Metrics must be labeled as their kind before they are ingested. If when first ingested a metric name doesn’t match the kind recorded, it will be rejected and an error will be sent back to the client. If you want to change a metric’s kind, contact Customer Success at email@example.com.
Gauges represent an observed value at a specific point in time or over a specified range of time. Temperature readings are an example of a gauge metric. CPU usage is another example; you want to know exactly how much of an available resource is being used at a given point in time. Gauges are best when you don’t much care about the degree of change over time - you want the actual number at that time.
Deltas show how the values change from one reporting period (point on the graph) to the next. HTTP requests is an example of a delta metric. You want to see if requests are going up or down, and by how much.

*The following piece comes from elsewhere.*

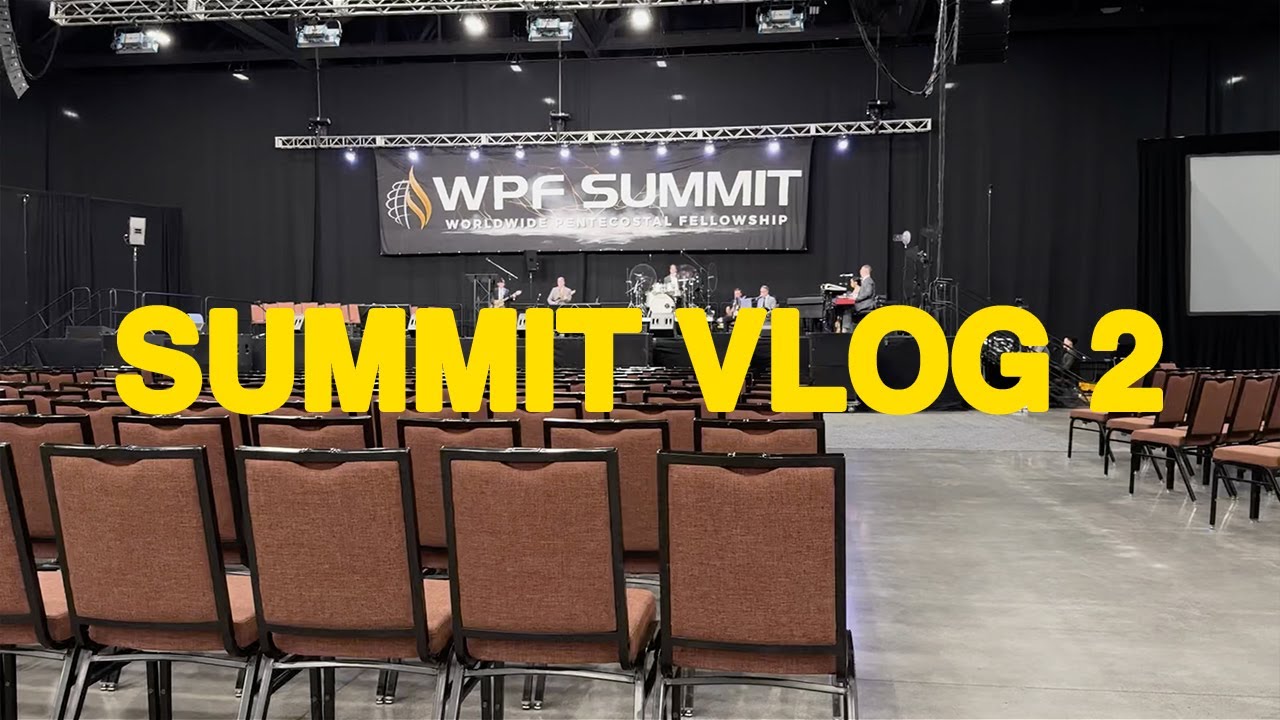 Come to rehearsals with me (Summit 2025) | vlog 122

Cumulative metrics add their value to the last value. They count the total number of things at a specific point in time, but as opposed to deltas, each value uses the same “start” timestamp to determine the value. An example of a cumulative metric is total web page hits. The value at each point in time increases from the last value, and you want to know how many of something you have accumulated at a given point in time.

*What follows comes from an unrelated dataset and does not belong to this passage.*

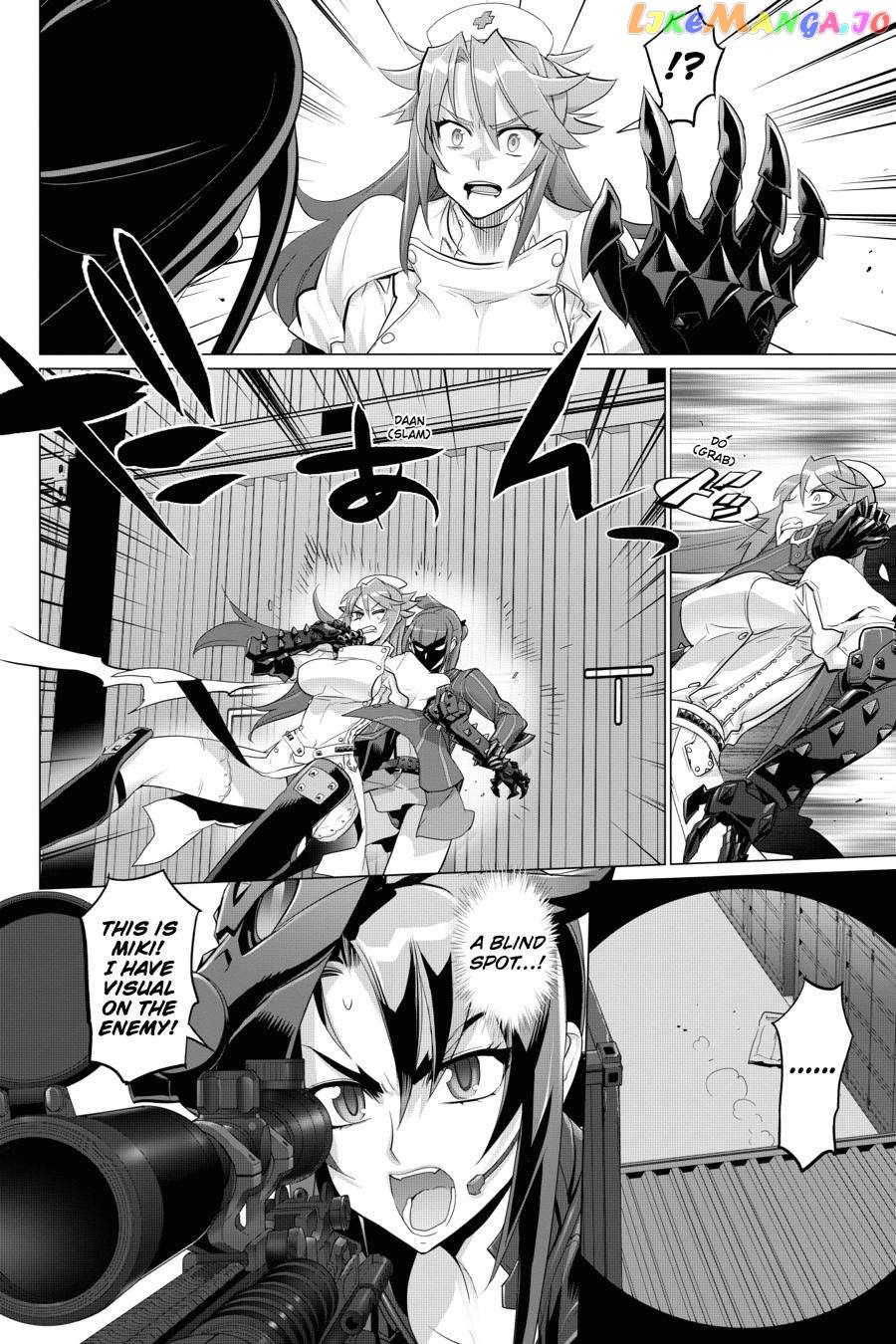 Triage X chapter 26 - page 20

A metric type represents the value type being reported. Cloud Observability supports the following metric types:
For existing Cloud Observability customers interested in tracking distribution metrics, please opt-in here. For new customers, this feature is already enabled in your account.
Aggregation is the process of taking the metrics stored in the database that may be irregularly spaced and converting these into the data points shown on the chart that are spaced evenly. That spacing (also called output period) is calculated by Cloud Observability such that, regardless of the query duration, each chart contains roughly 120 data points.

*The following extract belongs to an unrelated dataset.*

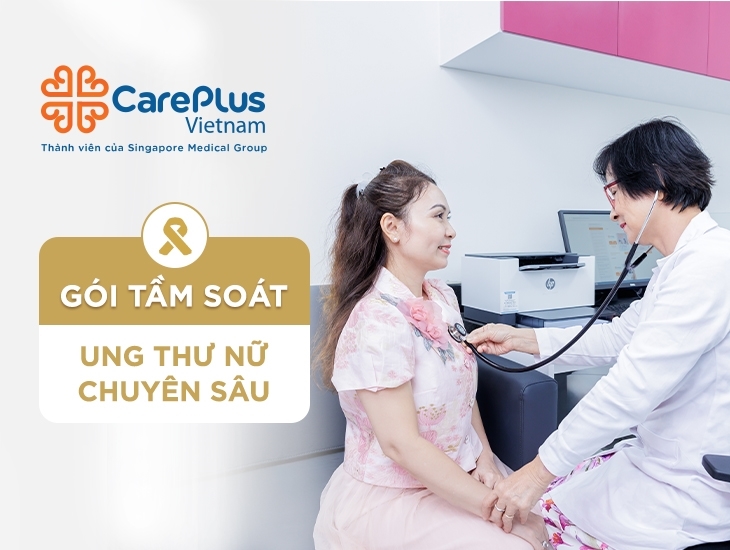 Tầm Soát Ung Thư Chuyên Sâu Cho Nữ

For example, if a chart is displaying an hour of data, there will be 2 data points per minute, or one every 30 seconds. What exact values are displayed every 30 seconds depends on the aggregation method you choose.
The minimum output period is 30 seconds.
Below, we will describe three different ways of performing aggregation.
latest operator can be used only for gauge-type metrics, and displays the last value reported to the database for a time period. So for example, if Cloud Observability receives a gauge time series array of
[71, 71, 71.5, 72] for a time period, Cloud Observability displays the value
72 and drops the others.
latest operator can only be used with gauge-type metrics.
delta operator computes the difference since the previous value. If Cloud Observability ingests a time series array for a delta metric kind of
[1,1,1,2,2,2,3,3] and the time series operator is set to
delta, Cloud Observability computes the value
15- the total amount that value changed since last reported. Deltas are useful when you want to know how much something has changed over a period of time. If you use
delta for something like HTTP requests, you’d be able to see how the number of requests has changed at a particular point in time.
Rather than telling you how much something has changed at a particular point in time,
rate tells you how many happened over a time period. Think of a car that went 50 miles in an hour (you’re interested in the number of miles) versus the fact that it went 50 miles per hour (you’re interested in how fast it goes).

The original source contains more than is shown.